It was urged that the plaintiffs could not have a judgment against both the agent and his principal; but this is not the case of an agent dealing for undisclosed principals, which requires a plaintiff to elect against whom to proceed. The appellants were disclosed principals. The plaintiffs were justified, in any view of the case, in suing all three as principals, and if, as claimed by the appellants, Judson was only an agent, the plaintiffs were still entitled to a judgment against him, because he was estopped, by his representation to them, to deny that he was also a principal.
Another point, earnestly urged by the learned counsel for the appellant Leiter, deserves consideration. Judson testified that he only had authority to purchase on specific instructions from Hoadley, and that the latter instructed him before the opening of the market on April twenty-ninth to purchase 500 shares on every two points down from the opening and to sell 500 shares on every two points up. The market opened at 198, the price at which both orders in question were given. Judson's testimony, however, with the other evidence in the case, justified a finding that the first order to purchase 500 shares at 198 was reported to, and approved by, Hoadley, and that the latter, then and at subsequent times during the day, gave Judson practically unlimited authority to purchase at the market by telling him at each conversation over the telephone "to continue buying and selling." While the exact quantities and prices for which orders were given do not appear to have been definitely stated by Judson to Hoadley, the latter was told the price at the opening, and the jury probably concluded that, in view of the volume of the transactions reported to him and of his interest in them, he occasionally glanced at the tape, which was at hand, and fully understood at what price the orders were being executed. It was plainly a question for the jury whether his direction "to continue buying and selling" was intended as a general authorization or one to be limited by his instructions before the opening. The court carefully instructed the jury on that point.

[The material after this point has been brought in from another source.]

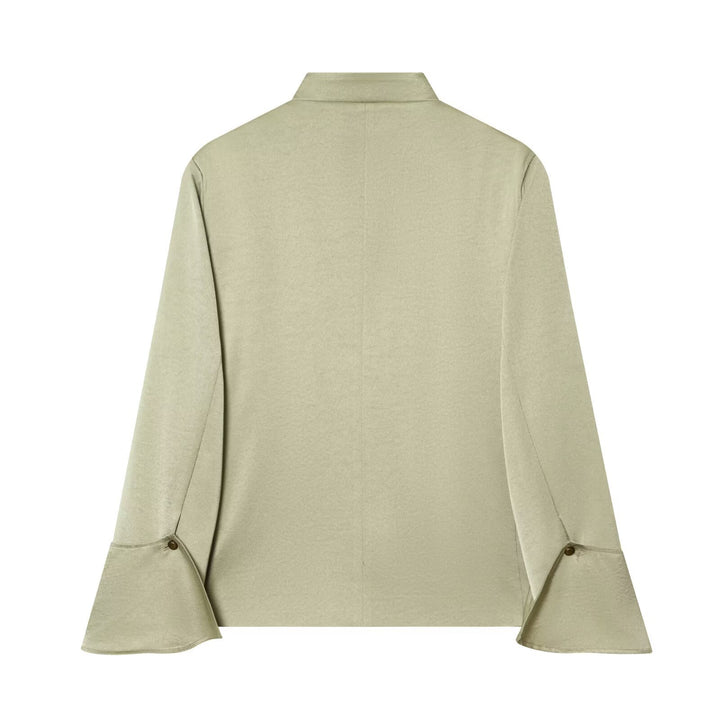 Damen Asymmetrischer Cape-Mantel mit Stehkragen und Zierknopfleiste Drune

Many other exceptions are referred to on the briefs. The record is replete with discussions and with testimony in regard to the so-called "pools," which might well have been eliminated in view of the narrow issue which was finally presented. But that issue was only developed as the case progressed and after the appellants had stated their view of the transactions. It would be very strange if some erroneous rulings could not be found in a record of the size presented on this appeal. In my view of the case, the appellants have failed to establish that prejudicial error was committed, and the usual burden sustained by an appellant under the rule now applied by appellate courts in this State is certainly not lessened in this case by the fact that the respondents have recovered three verdicts.
For the foregoing reasons I vote to affirm the judgment.
SCOTT, J., concurred.
Judgment and order reversed, new trial ordered, costs to appellants to abide event.